Adele stayed during Pillar of Defense but chose to leave during Cast Lead. In between the two operations, the decision to stay was made easier, in a manner of speaking, when every home within 4.5 kilometers of the Gaza border received a safe room. This did not reduce the number of rockets, but it did give residents a means of coping with them. Adele was able to sleep in a safe room for the eight days of Pillar of Defense. During the day, she knew she had somewhere to go when the red alert went off.
Now, she says, “99 percent of the time, you feel secure.” Janet Swierzenski, a member of Nir Yitzhak, said that life is somehow more tranquil. But while the physical attacks have slowed, “the trauma of the past,” as Adele calls it, remains: The long-term psychological impact of the terrifying randomness of rockets and mortars. It leaves few untouched.
In Amos Oz’s book Scenes from Village Life, Pesach Kedem claims to hear knocking and digging at night from under his house. So does Adel, an Arab student living in a hut at the bottom of his garden. Each man believes the other is responsible. Adel thinks the old man Pesach is walking in his sleep, while Pesach believes Adel is scratching away in search of “some document or ancient proof that this property once belonged to his forebears.” Pesach’s daughter, Rachel, dismisses the sounds as nocturnal imaginings.
But the fear begins to spread. Soon, Rachel also hears the sounds, “as though the floor tiles are being scraped with a nail.” She checks the shutters and curtains, searching for a draft or traces of animal life. She looks under the bed, holding her breath. She hears nothing. But as soon as she gets back under the sheets and turns off the light, “the gnawing sounds again.” She looks outside, but sees no one. In the deep stillness of the night, Rachel “stands there trembling alone in the dark under the blurred stars.”
The nights in the Eshkol today are often sleepless, a legacy of the initial trauma of being awoken by rocket fire, or the restless anticipation of a red alert. I heard rumors that, like Oz’s characters, residents of Nirim heard and reported digging under their houses. The IDF investigated the reports, but found nothing.

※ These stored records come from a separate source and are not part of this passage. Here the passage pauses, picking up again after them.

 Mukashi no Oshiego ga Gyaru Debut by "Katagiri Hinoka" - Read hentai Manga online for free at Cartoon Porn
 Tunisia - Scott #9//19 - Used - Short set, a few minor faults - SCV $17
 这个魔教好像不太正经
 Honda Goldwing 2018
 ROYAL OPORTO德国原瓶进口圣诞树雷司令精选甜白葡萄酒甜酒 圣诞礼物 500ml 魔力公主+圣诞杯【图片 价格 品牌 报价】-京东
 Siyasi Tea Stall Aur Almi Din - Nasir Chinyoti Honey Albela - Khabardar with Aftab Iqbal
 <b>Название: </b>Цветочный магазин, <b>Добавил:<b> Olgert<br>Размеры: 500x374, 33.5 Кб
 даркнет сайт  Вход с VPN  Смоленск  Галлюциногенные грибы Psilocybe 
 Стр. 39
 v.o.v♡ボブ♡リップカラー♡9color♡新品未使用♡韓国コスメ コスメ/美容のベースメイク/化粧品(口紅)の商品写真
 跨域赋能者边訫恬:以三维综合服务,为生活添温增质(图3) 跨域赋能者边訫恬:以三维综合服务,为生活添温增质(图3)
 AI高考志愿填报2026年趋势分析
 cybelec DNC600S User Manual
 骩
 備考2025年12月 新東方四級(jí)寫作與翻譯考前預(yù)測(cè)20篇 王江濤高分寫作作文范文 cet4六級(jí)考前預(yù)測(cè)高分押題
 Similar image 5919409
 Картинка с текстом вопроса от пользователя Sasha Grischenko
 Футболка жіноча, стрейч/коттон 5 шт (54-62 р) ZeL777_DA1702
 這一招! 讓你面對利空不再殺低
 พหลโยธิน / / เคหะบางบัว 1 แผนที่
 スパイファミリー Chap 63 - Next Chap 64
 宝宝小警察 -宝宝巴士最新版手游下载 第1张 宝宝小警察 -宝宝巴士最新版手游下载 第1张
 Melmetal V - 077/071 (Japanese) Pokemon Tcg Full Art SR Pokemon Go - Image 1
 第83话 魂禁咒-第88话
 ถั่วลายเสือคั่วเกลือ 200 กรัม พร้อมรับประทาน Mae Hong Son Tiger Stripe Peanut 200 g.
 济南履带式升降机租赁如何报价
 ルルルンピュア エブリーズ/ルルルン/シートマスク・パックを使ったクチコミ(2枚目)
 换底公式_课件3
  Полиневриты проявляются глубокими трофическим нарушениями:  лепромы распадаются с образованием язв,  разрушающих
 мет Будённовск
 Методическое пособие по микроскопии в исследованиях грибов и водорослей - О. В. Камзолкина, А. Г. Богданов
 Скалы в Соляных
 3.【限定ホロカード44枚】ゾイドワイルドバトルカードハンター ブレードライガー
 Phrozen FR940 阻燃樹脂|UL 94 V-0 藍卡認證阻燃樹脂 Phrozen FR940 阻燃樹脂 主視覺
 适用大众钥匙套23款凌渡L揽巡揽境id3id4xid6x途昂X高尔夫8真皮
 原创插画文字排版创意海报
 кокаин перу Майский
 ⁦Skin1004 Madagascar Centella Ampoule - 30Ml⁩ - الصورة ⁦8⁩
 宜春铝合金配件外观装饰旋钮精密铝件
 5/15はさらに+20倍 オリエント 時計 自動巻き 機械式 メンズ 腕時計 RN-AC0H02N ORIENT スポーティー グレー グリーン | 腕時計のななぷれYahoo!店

The nightmares have some basis in fact. Terrorists regularly tunnel under Gaza’s borders to facilitate smuggling and terror attacks. These tunnels are a very real and present danger in the Eshkol region. At Kerem Shalom, Andy took me as close as we could go to the border and showed me the field—now sewn with potatoes—where Gilad Shalit was abducted on June 25, 2006. The kidnapping was committed by Hamas terrorists who crossed into Israel via tunnels dug beneath the double wall and security strip Israel built after the Gaza disengagement.
Further north, January rains exposed a tunnel close to Nir Oz. The IDF described it as “large enough to carry people and is the same kind of tunnel used in 2006 to ambush IDF soldiers and kidnap Gilad Shalit.” At Nir Oz and Nirim, Nir Yitzhak and Kerem Shalom, the pervasive dread that one day these tunnels will open themselves up inside the kibbutzim with unspeakable consequences, was startling.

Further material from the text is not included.